Episode 9 Redirection and substitution

We explore some more shell basics including redirection to and from files, and command substitution. This feature allows the output of one command to be used as parameters of another command.

22 September 2015

[Rhythmic, dark electronic intro music]

League

Welcome back to Command Line TV, this is episode 9.

Today we’re going to talk about redirection and command substitution.

Do you have any follow-up from last time?

Lopes

Last time we did installing programs and package management.

My one question is we used apt-get upgrade and apt-get update

can we run apt-get upgrade without running update or will that cause any conflicting issues?

League

You can run upgrade by itself – normally you would run update and then upgrade together.

It’s fine to run upgrade by itself but what it will do is only upgrade

packages that it already knows about. What’s happening is the ‘apt’ subsystem keeps a package cache.

So it knows the last time it did an update, what were the versions of all

the packages that were available. And upgrade will look at that package

cache and upgrade anything that can be upgraded. But unless you update,

you’re not getting the freshest stuff, you’re just getting the stuff from the previous update.

So it’s fine to do that, it doesn’t hurt anything – you just might not be getting the very latest.

Lopes

I guess the last question we have would be in terms of uninstalling a package?

What’s the proper way of doing that so there are no conflicts?

League

So when you want to uninstall something, there are a couple of options.

The simplest is, if you do apt-get and then the command remove.

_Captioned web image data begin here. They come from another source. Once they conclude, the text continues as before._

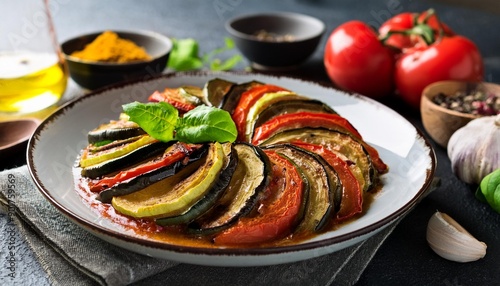 vegetarian ratatouille dish, AI generated photo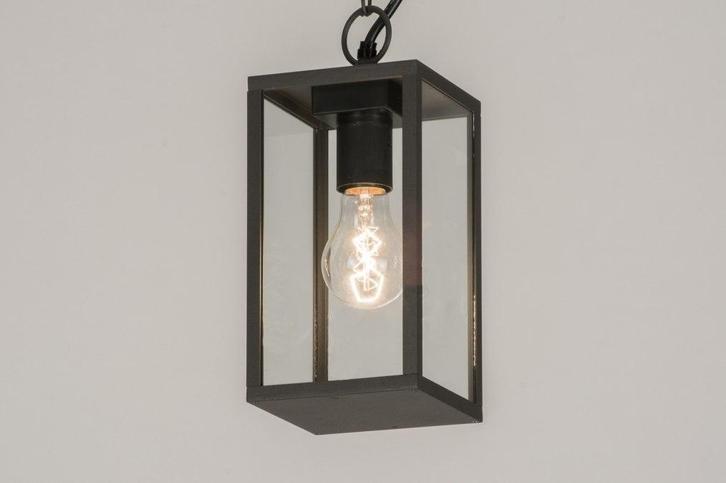 Rietveld Hanglampen - Zwart, Antraciet Donkergrijs - Glas, M, Huis en Inrichting, Lampen | Hanglampen, Verzenden
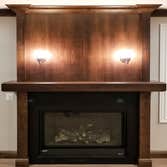 Alder Walnut Finish Fireplace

And then you put the name of a package, or multiple packages –

apt-get remove imagemagick

so maybe we want to remove imagemagick. This will remove that package and

delete the files from the system. However, it does leave behind the

configuration files for imagemagick. So the thinking is that –

if you install it, and maybe you customized the installation of this package in some way,

by editing some of the configuration files – it doesn’t want to remove your customization,

because if you install it again later, then maybe you want to keep the way it was customized.

So remove removes most of the stuff but it leaves behind a little bit.

An alternative to that is purge. This will remove the package as well as

all the configuration files, even if you made changes to them.

apt-get purge imagemagick

So if you really want to be sure that everything is gone, then purge works fine.

And then we saw there are cases of dependencies, right.

Sometimes when you install a package, it brings along some other packages

that it needs as dependencies. So just uninstalling imagemagick doesn’t

necessarily remove all those dependencies. And there’s another command you

can run called autoremove. You don’t need to put a package name here,

apt-get autoremove

it’s just that whenever you run autoremove, it’ll look for any packages

that are no longer required by other packages that you’ve installed.

So if imagemagick needed some library that nobody else needs, it can remove that.

If some other package does still need that library, then it will keep it.

So it’s very smart about managing these kinds of shared dependencies and conflicts and so on.

One thing to be careful of – since you mentioned conflicts –

is the upgrade and install commands support an option called -f or --force.

This is usually a bad idea. What it means is that if there’s –

it can help in a couple of ways, but it can also be harmful.

If the package requires dependencies that are not installed properly,

you can use --force to try and install it anyway, and maybe it’ll work or maybe it’ll be terrible.

If a package is going to overwrite files that another package has already installed,

that’s a bad thing that normally ‘apt’ will try to prevent. But --force will allow that to happen.

So once in a while, --force might be the thing you need to solve some problem,

but usually it’s just going to cause problems, so try to avoid it if possible.

Lopes

So today we’re going to learn about redirection, which utilizes the >,

the < and the >> symbols. What are the purposes of these?

League

Redirection is about controlling where the input and output of different commands come from.

Every command that you run has basically three streams that are associated with it –

three streams of data. They are standard input, the standard output, and the standard error.

And so error is also an output stream, but it’s meant to be used for things

that are not part of the normal output, but things that are error messages

or warnings or stuff like that.

The way it works is that when you put together a pipeline –

so if I do ls help – whoops, can’t have a space there –

and then pipe that into less – what I’m doing with this pipe is

ls --help | less

connecting the output of one command to the input of another command.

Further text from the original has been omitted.